I think I talked about this before, but I don’t remember when, and a quick search through my blog didn’t find anything (it might be because there are way too many posts that I can remember of).
Anyway, when I talked about i18n, I’m sure I at least put a line on the possibility of creating .po file for English language, may it be neutral English or either American or British English, but in any case, this is easy to do, and it’s a reason to leave nls useflag enabled even for people who care nothing about languages that are not English.
This is a pretty neat way to handle proper English grammar, considering that a lot of authors simply use other languages and thus is unable to always write proper English, to the result that often you find broken C locales that don’t really sound like English (I know, neither my blog sounds like English :/).

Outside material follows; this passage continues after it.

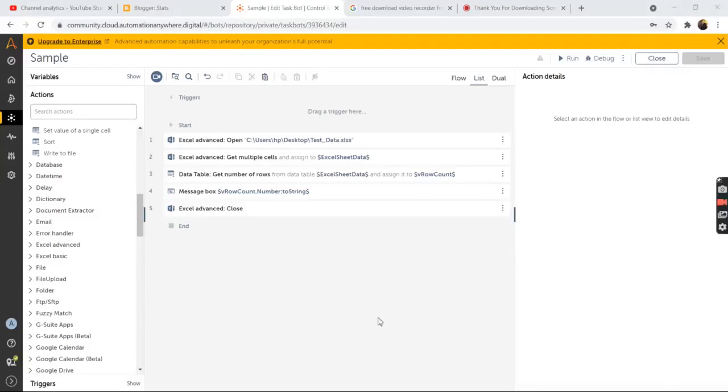Hello everyone, I welcome you all to my another video session wherein we will be discussing how to extract or get the total number of rows from the data table using A2019 Automation Anywhere.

So, why do I talk about this now again? Well, there’s an interesting reading on Michael Kaplan’s blog (basically the only MSDN blog I follow), that might be interesting to read to people that would like more proper English messages.
I think this is one of the things that are easily ignored when thinking about internationalisation, but the differences between the language spoken in a part of a country and the one spoken in another are often big enough to make them almost different languages, so thinking on a larger scale (different countries), it does make sense to consider them different languages… although I admit I have no idea whether Swiss Italian is any different from our, and how.
I’m not a linguist, at all, even my Italian advanced grammar is quite bad (although good enough to please my Italian teacher during high school, and not get him more angry at me, as I wasn’t even studying history :P), but I admit curiosity in the matter, and michkap’s blog is a good reading for that, I would suggest it to anybody who’s interested in i18n, even if it usually talks about Windows and other Microsoft products (of course), as it provides hints and insights that should be consider also when designing Free Software.
Update (2017-04-28): I feel very sad to have found out over a year and a half later that Michael died. The links in this and other posts to his blog are now linked to the archive kindly provided and set up by Jan Kučera. Thank you, Jan. And thank you, Michael.